North Carolina House Bill 920 is a 2025–2026 House bill that began as the NC Digital Asset Freedom Act and, as of June 9, 2026, remains pending in committee under a substantially revised title: Virtual Currency Kiosk Consumer Protection Act. The June 2, 2026 committee substitute replaced the original digital-asset payment framework with a proposed consumer-protection regime for virtual currency kiosks. The bill is still a bill, not an enacted law, and should be tracked as an in-committee North Carolina measure.
Current status of North Carolina HB 920
HB 920 was filed on April 10, 2025, passed first reading on April 14, 2025, and was referred through House committees including Commerce and Economic Development, Finance, and Rules. On June 2, 2026, the House reported a favorable committee substitute and re-referred the measure to Finance. LegiScan lists the bill as introduced with 25% progression, pending in House Finance, and with the latest text marked amended.
The title change is material for editors and readers. The University of North Carolina School of Government’s Legislative Reporting Service notes that the committee substitute changed the long title; the original long title would have allowed digital assets in economic transactions and tax payments, while the substituted title is an act to enact the Virtual Currency Kiosk Consumer Protection Act.
Original Digital Asset Freedom Act framework
The introduced version would have created Article 52 of Chapter 66, cited as the North Carolina Digital Asset Freedom Act. It applied only to digital assets that met detailed criteria for decentralization, market longevity, liquidity, regulatory classification, proof-of-work security, censorship resistance, uptime, and predictable supply.

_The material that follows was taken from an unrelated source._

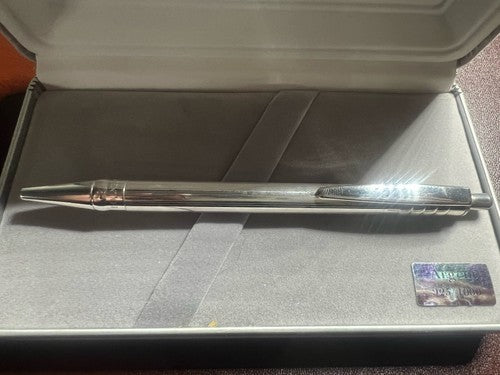 🔴 UNOARGENTO penna sfera ARGENTO 925 MASSICCIO a scatto scrive 2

The introduced text also would have recognized qualifying digital assets as a valid medium of exchange and stated that a transaction could not be denied legal effect solely because it used a qualifying digital asset.
The first edition also proposed allowing taxpayers to choose a qualifying digital asset to pay taxes to the Department of Revenue. It would have required dollar-equivalent reporting using the digital asset-to-dollar exchange rate at the time of payment or transaction and would have directed the Department of Revenue to maintain daily exchange rates. Those provisions are historical context for the bill’s original “freedom act” framing, but they do not appear in the second edition that is currently before the House.
Current virtual currency kiosk provisions
The current second edition would add a new Article 26 to Chapter 53. It defines virtual currency, virtual currency kiosks, kiosk operators, digital wallets, blockchain analytics, new customers, and related terms. It places supervision with the North Carolina Commissioner of Banks and states that federal law, including the Bank Secrecy Act and the USA PATRIOT Act, governs to the extent of any inconsistency.
- Disclosures: kiosk operators would have to provide risk, terms-and-conditions, warning, fee, exchange-rate, spread, and liability disclosures before customer transactions.
- Receipts: customers would receive written or electronic receipts containing transaction, operator, fee, exchange-rate, refund-policy, and Commissioner contact information.
- Fraud controls: operators would have to use blockchain analytics, provide live weekday customer service, and maintain written anti-fraud policies.
- Licensing: operators that own, operate, solicit, market, advertise, or facilitate kiosks in North Carolina would be treated as engaged in money transmission and would require licensure under Article 16B of Chapter 53.
- Limits and remedies: the bill would set daily transaction limits of $1,000 for new virtual currency customers and $2,500 for existing customers, provide refund and cancellation rights in specified cases, and cap aggregate kiosk fees and charges at 3%.
Violations would be treated as unfair trade practices, fraudulent inducement of a kiosk transaction would be a Class 1 misdemeanor, and local governments would retain authority to impose nonconflicting or greater kiosk requirements. If enacted in its current form, the Commissioner would have to adopt implementing rules by December 1, 2026, and most provisions would become effective December 1, 2026.